Birth Name: | Renée Rienties |
Birth Date: | 1993 |
Birth Place: | Netherlands |
Nationality: | Dutch |
Cartoonist: | y |
Write: | y |
Art: | y |
Pencil: | y |
Ink: | y |
Color: | Y |
Website: | artofreneerienties.com |
Renée Rienties (born 1993) is a Dutch cartoonist and illustrator.
Renée Rienties graduated from the colleague Cibap in Zwolle, the Netherlands in 2015, majoring in Multimedia, but she preferred a career as an independent cartoonist and illustrator. In her youth, she was a big fan of Japanese manga comics and later American comics. As a self-taught artist, she learnt those drawing styles from an early age on. Professionally she works with a digital drawing tablet.[1] [2]
In 2016 she made her professional debut with the gag strip My Daily Life Comics. In 2017 the comic Oyasumi was released, a collection of three horror stories drawn by three Dutch mangaka, including Rienties with her story Distortia.[3] In 2018, she drew a short story for the Hollandsch Manga Anthology series.

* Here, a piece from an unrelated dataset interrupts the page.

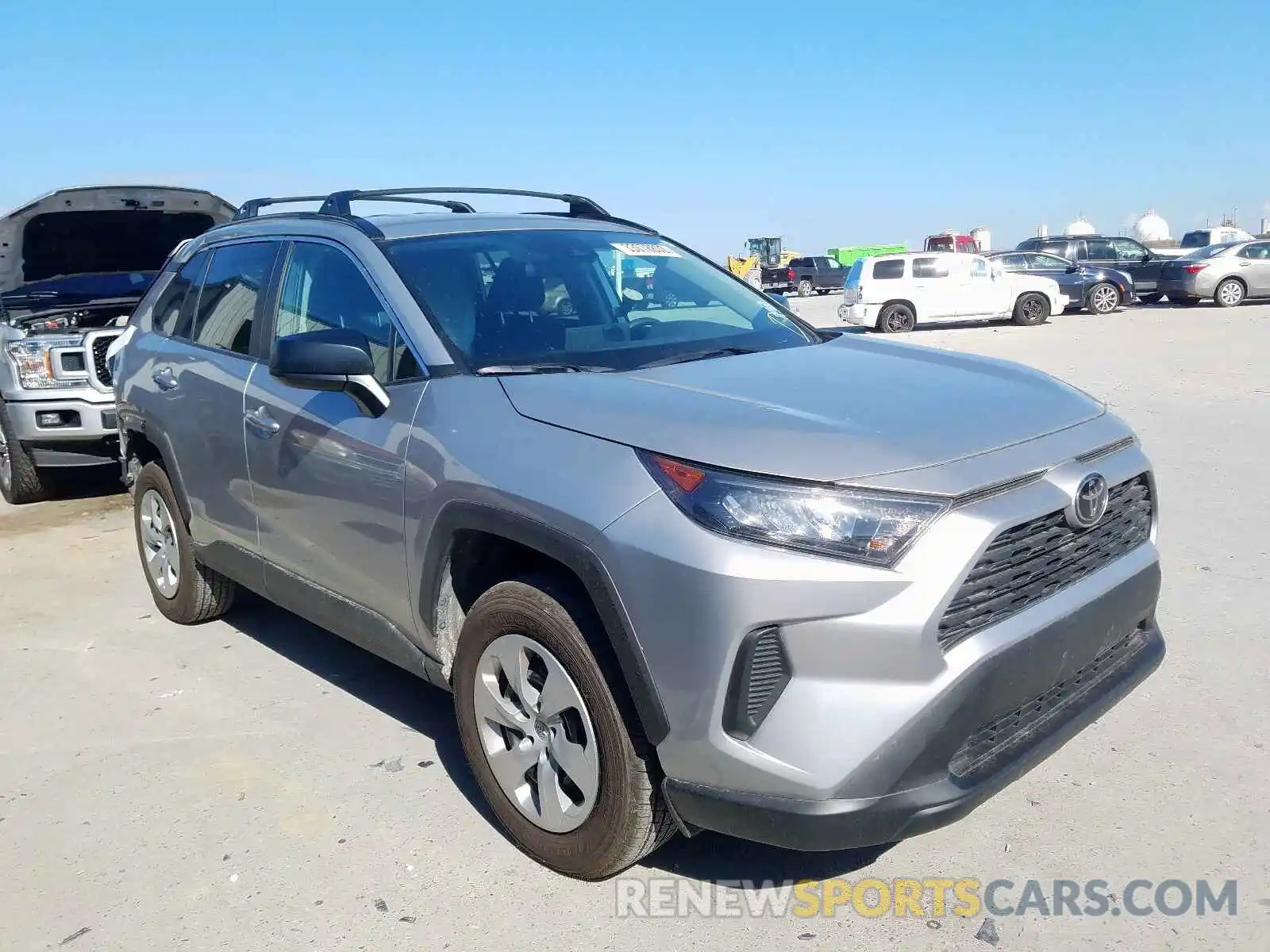 1 Photograph of a damaged car 2T3H1RFVXLC038246 TOYOTA RAV4 2020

Her story was a mixture of mystery, thriller and horror.[4]
Since 2020, Rienties has been an illustrator for the children's book series Snelle Sam (Eng: Fast Sam), whose authors include Dutch Formula One television presenter Olav Mol.[5] In 2022 she initiated the comic-anthology series Figments of Passion, which was financed by crowdfunding.[4] The series brings together eleven short stories by comic artists from all around the world. That same year she was commissioned as a cartoonist for a children's comic series around Flemish pop star Camille. The first volume called Camille - Niet te stoppen! (Eng: Camille - Unstoppable!) was published in August 2023.[6] [7]
Besides being a cartoonist, Rienties works as an illustrator on commercials and promotional work for companies like the Formula 1 television programme of the Dutch channel Ziggo Sport in 2019. In her typical manga drawing style, she created the illustrations for a promotional film for the seventeenth Grand Prix at the Suzuka circuit in Japan.
She also works as a manga coordinator and curator for The Big Draw Nijmegen, which is part of an international art and education programme in the Netherlands, Japan and South Korea.[8] [9] In 2022, she was one of six illustrators in The Big Draw's Ripple project. They were locked up in the "Besiendershuis" historical building in Nijmegen for 24 hours with the task of creating a short story that warned for the dangers of fast fashion or that made people conscious of throwing away less plastic in nature.[10]